Saturday, September 29, 2007

Using data mining to improve search engines

I'll present some ideas related with the use of data mining to improve search engines. Thus, the first question is: Where are your data that you will extract the knowledge? The focus in this discussion is use historic data as log files like reference of a real use of search engine. In other hand we need to select the techniques that we use to extract the knowledge hidden of the raw data. In the literature, there are several techniques as classification, clustering, sequence analysis, association rules; among others [see 1].
The direction selected in this discussion is using the association rules [see 2] to analyze the relations between the data stored in the log file.

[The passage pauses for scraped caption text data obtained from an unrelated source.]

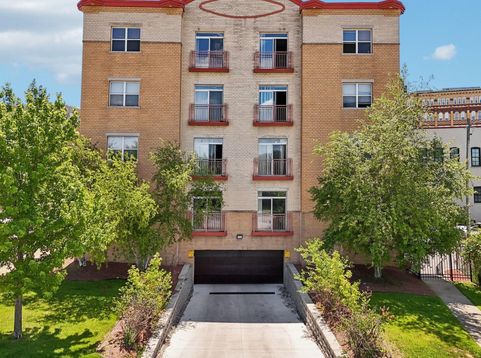 Main Photo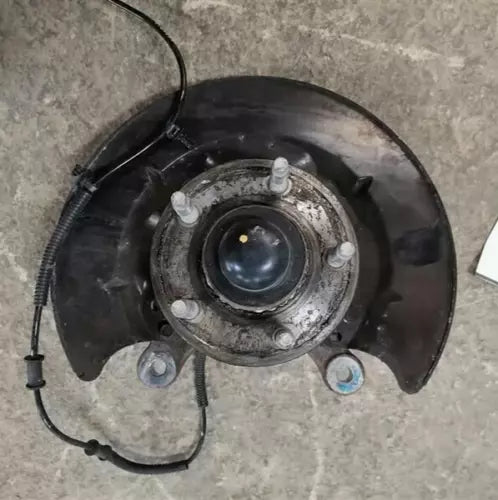 2011-2014 Ford Mustang Driver Left Front Spindle Knuckle Assembly W/o Abs Oem - Used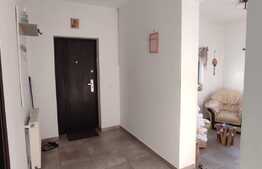 Casa premium, mobilata, 350 mp teren, pe malul lacului Rediu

These relations are used to aid the users through of suggestions like queries or options to download.
The paper selected for the RiSE`s Discussion was “Using Association Rules to Discover Search Engines Related Queries” that shows the use of association rules to extract related queries from a log generated by a web site.
The first question was related with the transformation of log files in the term called “user sessions”, why do it? It is important because the algorithms used to extract association rules needs that the records are grouped in a transactions set. However, when log files are used, these groups are not perfectly separated. The classic situation of association rules is the Market Basket Analysis [1] that is associated with the organization’s products in a super market. In this case, the sessions are defined by the consumer ticket. In this ticket, the products bought are perfectly described and separated of other consumers. However, in a log file the records are not sorted and it is necessary to separate these lines in transactions set. Each transaction will contain several log lines that represent the use of the users. In the paper the IP address and a window time was used. My work uses the session number id to identify the users during a time window.
The quality of recommendations was cited too. This quality is measured using metrics like support, confidence. However the parameter used is specific for each situation.
This approach is common used in the web paradigm, but this idea can be used to improve component search engines using recommendations to downloads, queries and any other information that is stored in log files.
I have some critiques about this paper like the details of data mining process; several algorithms can be used, what was used? Other question is related with the experiment, I think that the choice of a specific domain to extract the rules could help the validation of suggestions using a specialist in this domain.


Eduardo Almeida said...

Martins, my question is related to this your affirmation "...classification, clustering, sequence analysis, association rules; among others...". Do you have any data|experiment|or argument to convince people that association rules be the best approach to perform it? I would like to see more discussion in this direction. Moreover, how do you think about the evaluation process since you need to have some data.

Alexandre Martins said...

Each technique is used for specific proposes. My direction is related with the relation between the stored assets. Thus, association rules aids the discovery of these relations.

The question related with the experiment is so important. I must have the data in order to extract the knowledge. I think that in the first step the data are not real and this step is used to build the your first prototype. However, the validation depends of the real data. Maybe, the projects are based in existent data to mining it or in future systems that will provide it. The second option has an dependency and it force the generation of artificial data (but coherent) to validate your project.

I need to have data to validate and tunning my system. If I don't have it, then I need to created it in a controlled environment, not so big as real data, but coherent.